Realistisch gesehen ist ohne die CDU die Schaffung eines NPO vom Tisch. Trotzdem halten die Grünen nun an der Idee des Nationalparks fest. Warum nur? Wir haben es in den letzten Monaten gesehen- alleine das Wort Nationalpark spaltet.

Wäre es nicht konstruktiver, den spaltenden Nationalpark jetzt, wo er offensichtlich keine politischen Mehrheiten findet, aus dem Spiel zu nehmen, gegen das verbindende Element, den gemeinsamen Willen zu mehr Ostseeschutz, einzuwechseln und an einem echten Aktionsbündnis zu arbeiten?

Nationalpark spaltet

Das Wort Nationalpark spaltet, weil alles hinter diesem Wort vage und unklar gelassen wurde. Das verunsichert die Menschen und schafft Raum für Spekulationen. Das Umweltministerium hat es vermieden, klar zu benennen, was ein Nationalpark Ostsee nach sich zieht. Klar ist: in einem Nationalpark würden Nullnutzungszonen kommen. Fast allen Nutzergruppen wird aber erzählt, dass sie keine Einschränkungen erfahren werden!

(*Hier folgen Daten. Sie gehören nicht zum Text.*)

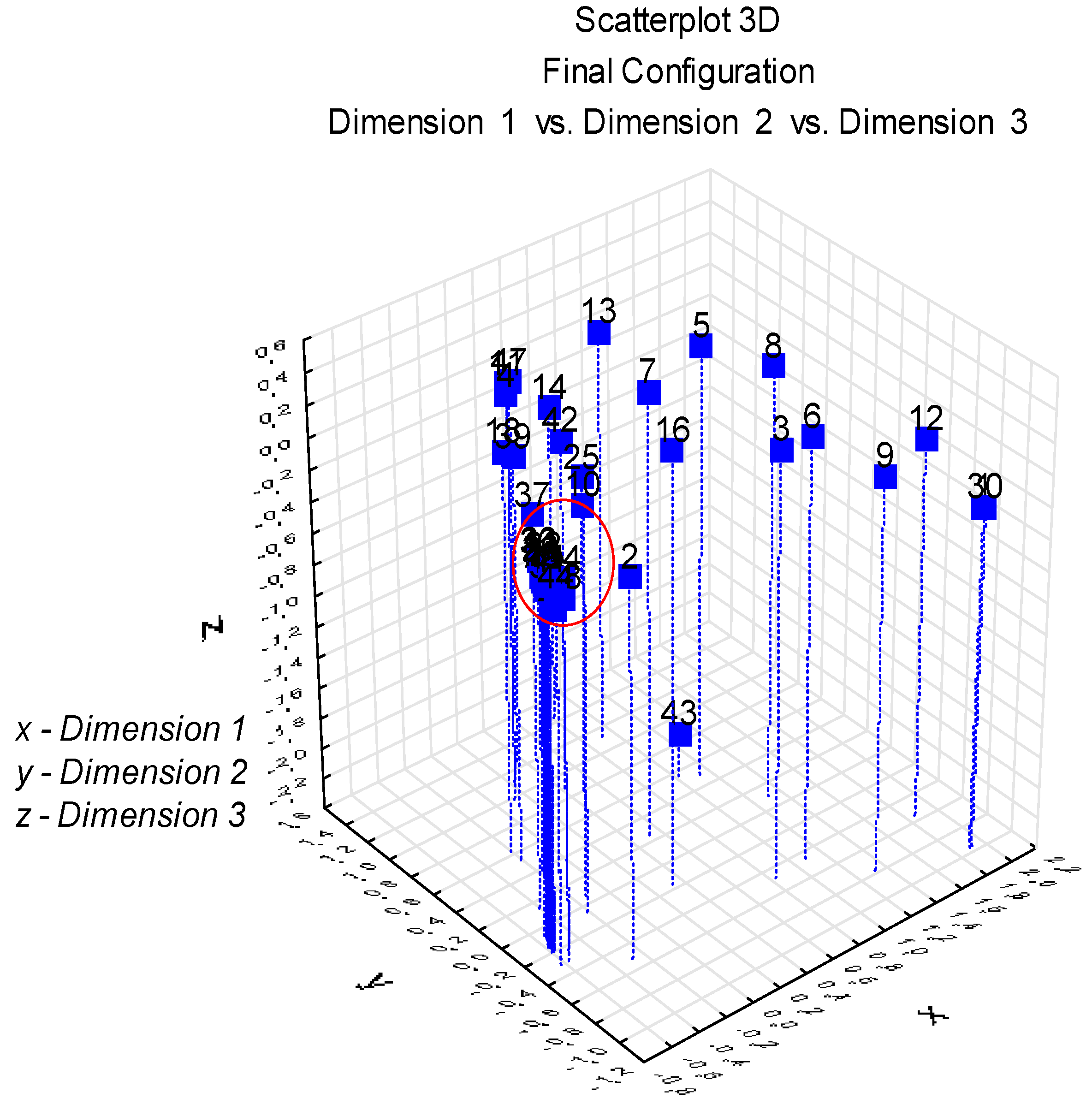 Jrfm 14 00221 g002 Jrfm 14 00221 g002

Wie soll das mit Nullnutzung auf großen Flächen unter einen Hut passen? Ein ehrliches Wort, mit einer darauffolgenden faktenbasierten Diskussion hätte Schleswig-Holstein besser zu Gesicht gestanden.

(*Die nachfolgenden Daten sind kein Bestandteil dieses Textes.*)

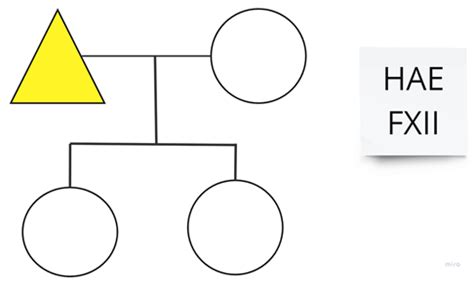 Real-World Outcomes and Healthcare Utilization of Lanadelumab in Spain ...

Man wollte den Leuten nach außen hin das Gefühl geben, dass sie ein großes Mitspracherecht hätten. Das glaubt aber niemand, allein schon deshalb nicht, weil der Zeitrahmen bis zur Abstimmung im Landtag sehr eng gesteckt wurde. Nachdenklich stimmt auch folgende Aussage. Im inneren Zirkel, auf dem Parteitag der Grünen am 24.9.23, ließ Minister Goldschmidt zum Thema NPO verlauten: „Wir stehen nicht für Larifari und Freiwilligen-Gerede“.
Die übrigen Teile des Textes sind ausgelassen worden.